The 4-Hour Chef‘s main argument is that non-cooks can learn how to cook. It teaches the principles of meta-learning through the metaphor of teaching people how to cook.
The problem is that non-cooks do not want to learn how to cook! I enjoy cookbooks. Most people do not. Non-cooks aren’t likely to pick up a cookbook – even if it would enable them to make better food.
The argument behind the Snafu newsletter and my upcoming Snafu Conference is that non-salespeople already possess the skills needed to sell, get more work, and advocate for themselves.
We’re already doing non-sales selling every day.
But the problem here, too, is that non-salespeople don’t want to be salespeople. The cultural stereotype of a salesperson is bad. Anyone who does not consider themselves a salesperson likely avoids sales because of the stigma associated with the stereotype.

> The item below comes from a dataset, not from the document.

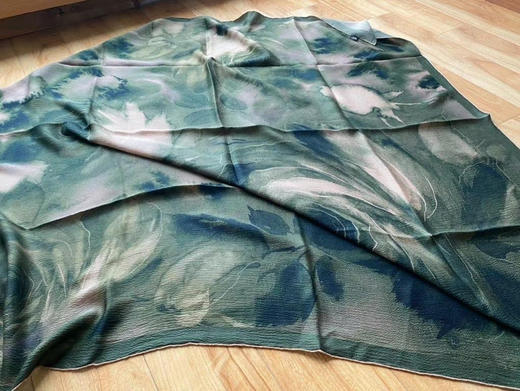 大丝巾 140*140。 绿色 灰色 蓝色 自己备注颜色 商品图2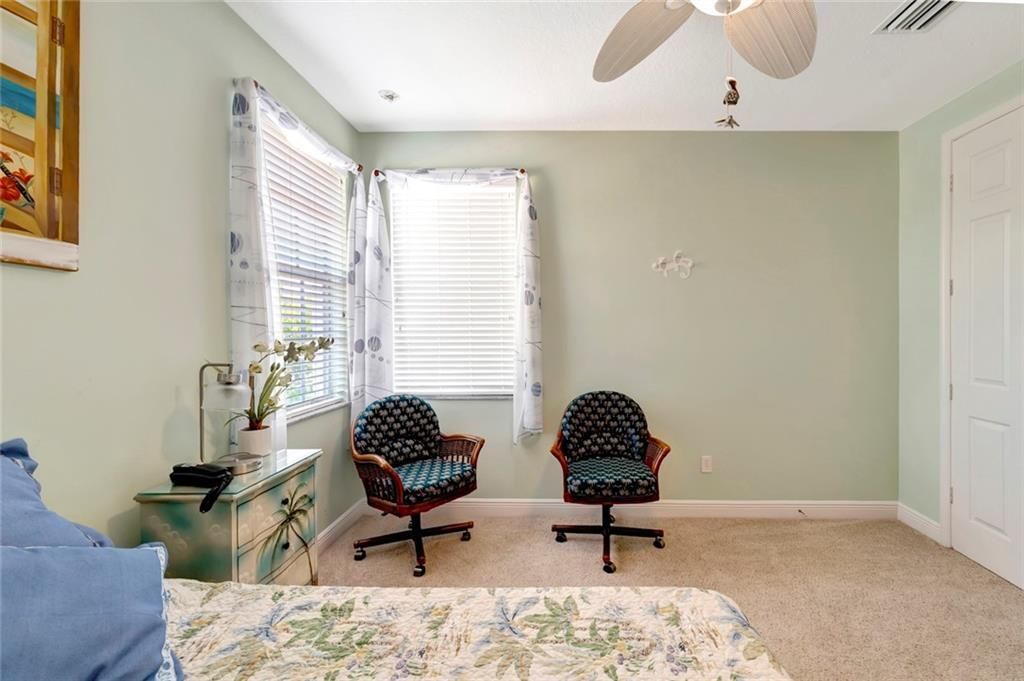 En Venta: $769,900 (5 camas, 4 baños, 3493 Pies cuadrados)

My task with Snafu, then, is not to persuade non-salespeople how to sell, but rather how to harness skills they already have and apply those to non-sales selling.
Whether with Snafu, The 4-Hour Chef, or any other efforts of persuasion, the goal should be to help people do what they already want to do. Make it easier for your audience to say “yes.”
It is that simple – and also that difficult.